DATA BELOW:
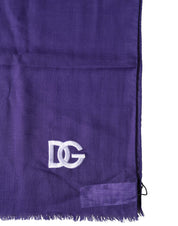 Purple Lace Stole Cotton Wrap Shawl Scarf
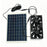 IP68 Waterproof 15W 18V Solar Panel Dual Fan Pet House Ventilation System with DC5521 Connector - 330x230mm - 2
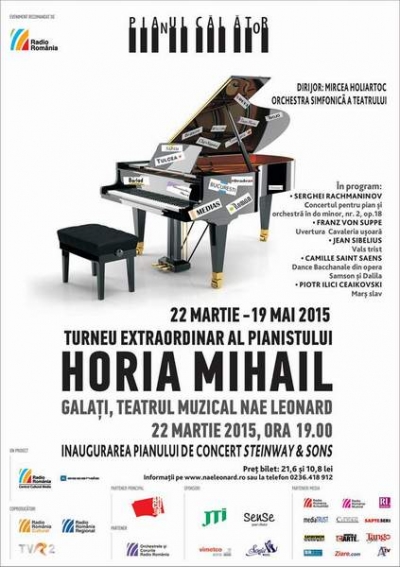 \"Pianul călător\" poposeşte la Galaţi, într-un concert extraordinar
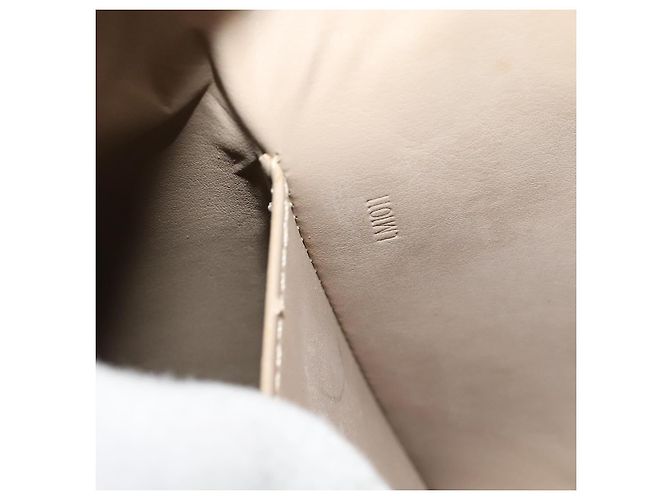 LOUIS VUITTON Borsa Tote Columbus Monogram Vernis Beige M91023 LV Auth hk2890 - vista 12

ACTIVITY: Set out the material once more, exact in every line, with no images.

SOLUTION FOR THIS PROBLEM:
 Purple Lace Stole Cotton Wrap Shawl Scarf
 IP68 Waterproof 15W 18V Solar Panel Dual Fan Pet House Ventilation System with DC5521 Connector - 330x230mm - 2
 \"Pianul călător\" poposeşte la Galaţi, într-un concert extraordinar
 LOUIS VUITTON Borsa Tote Columbus Monogram Vernis Beige M91023 LV Auth hk2890 - vista 12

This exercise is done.